Energy Minister Rich Coleman announced a regulation change Tuesday that allows natural gas utilities to offer incentives to vehicle fleet operators for switching from diesel. FortisBC, the province's largest gas supplier, can spend up to $62 million on incentives to refit vehicles and ships and another $30.5 million on natural gas filling stations.
FortisBC vice president Doug Stout said the company sees the subsidy as a good investment to get beyond "early adopters" such as Vedder Transport, which has converted its Abbotsford-based fleet of milk trucks to LNG. FortisBC set up an LNG filling station in the company's yard.
"The goal is to build for other fleets, spread them out so they'll be able to go from Vancouver to Prince George to Calgary to Edmonton," Stout said. "That's the vision."
The B.C. government is also offering a separate discount of up to $2,500 off the purchase price of qualifying compressed natural gas vehicles.
"We think there's a huge opportunity here," Coleman said.
Environment Minister Terry Lake said an LNG vehicle produces 20 to 30 per cent less greenhouse gas than conventional fuels.

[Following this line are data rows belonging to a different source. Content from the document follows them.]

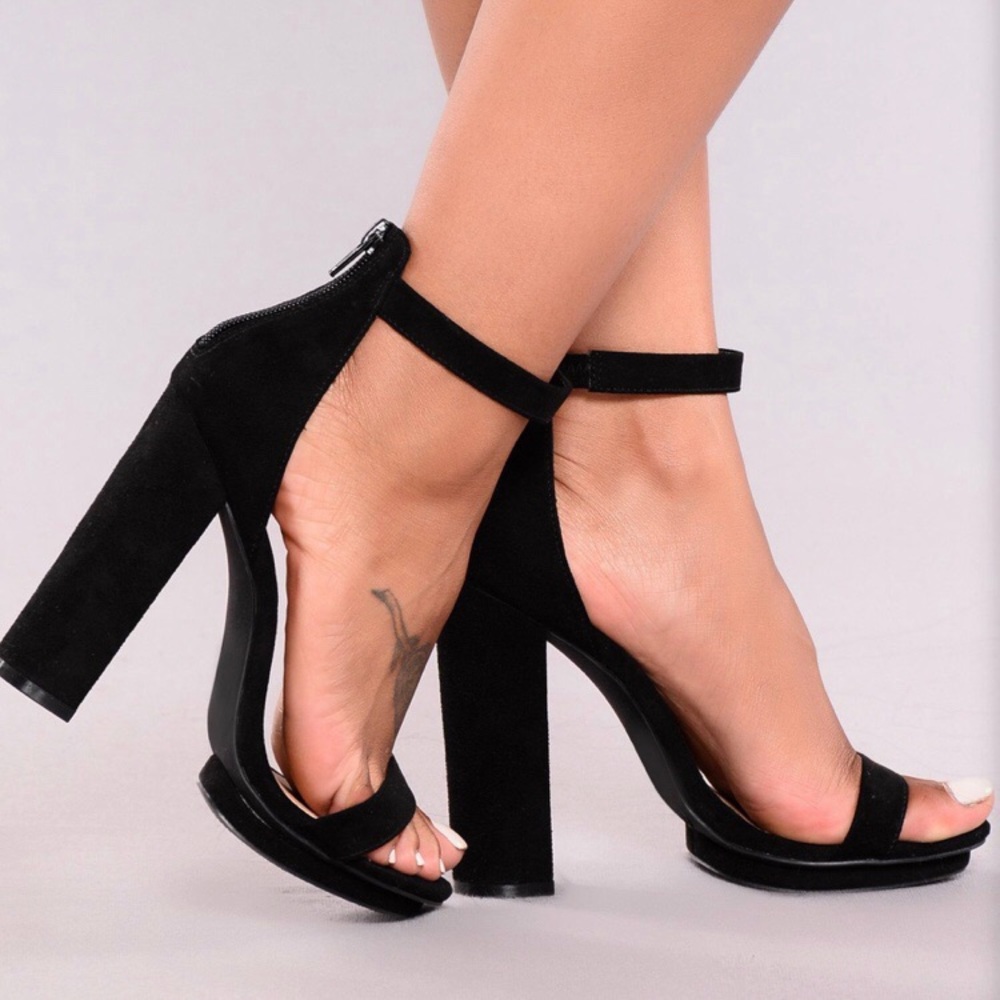 Fashion Nova Simply Chic Heels black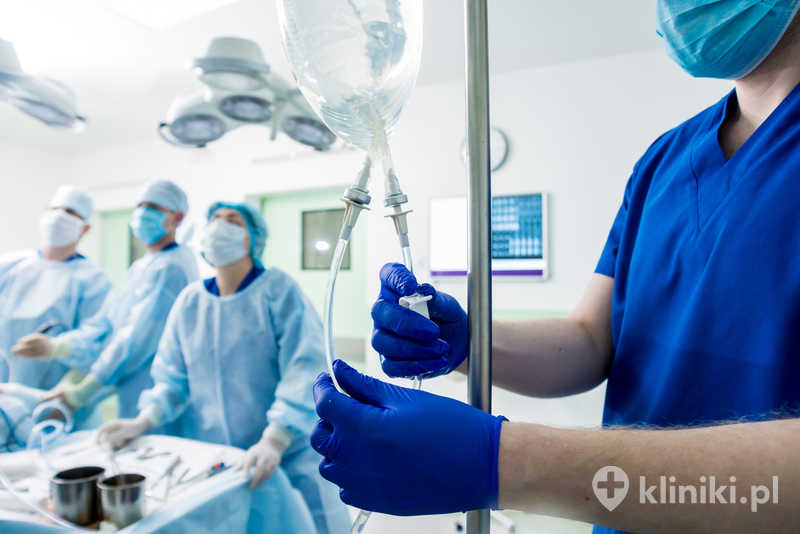 Chirurdzy ortopedzi w pracy zespołowej na sali operacyjnej z nowoczesnymi narzędziami artroskopowymi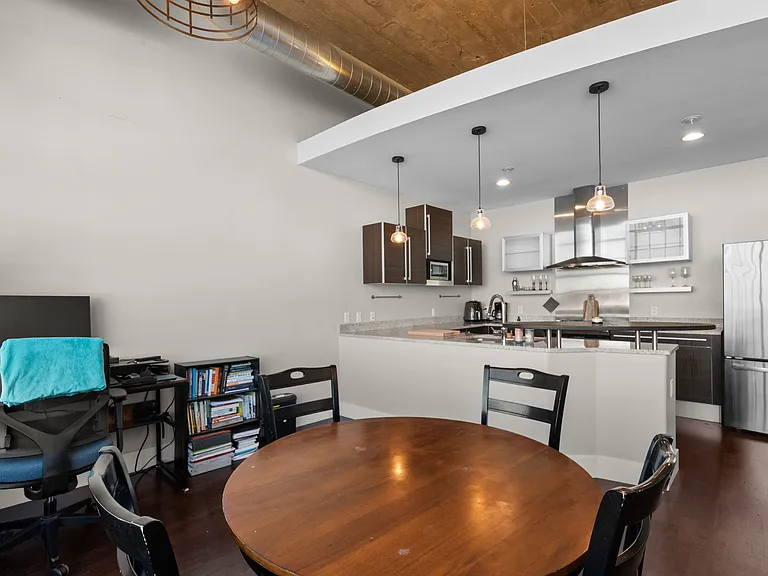 4100 Forest Park Ave #507 — Photo 7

"We don't have the low-hanging fruit like coal-fired plants to shut down, like other provinces do," Lake said. "So the transportation sector is a big area where we can make some gains."
Chilliwack-based Westport Innovations sells engine conversions and natural gas filling stations around the world. Bill Larkin, Westport's chief financial officer, said the incentives are important now because customers are still not convinced of the fuel savings.
"We're building the new Port Mann Bridge and the South Fraser Perimeter Road to move more goods," Larkin said. "If we can get more trucks on LNG and CNG, it reduces the cost of moving goods, reduces emissions and makes our economy more competitive."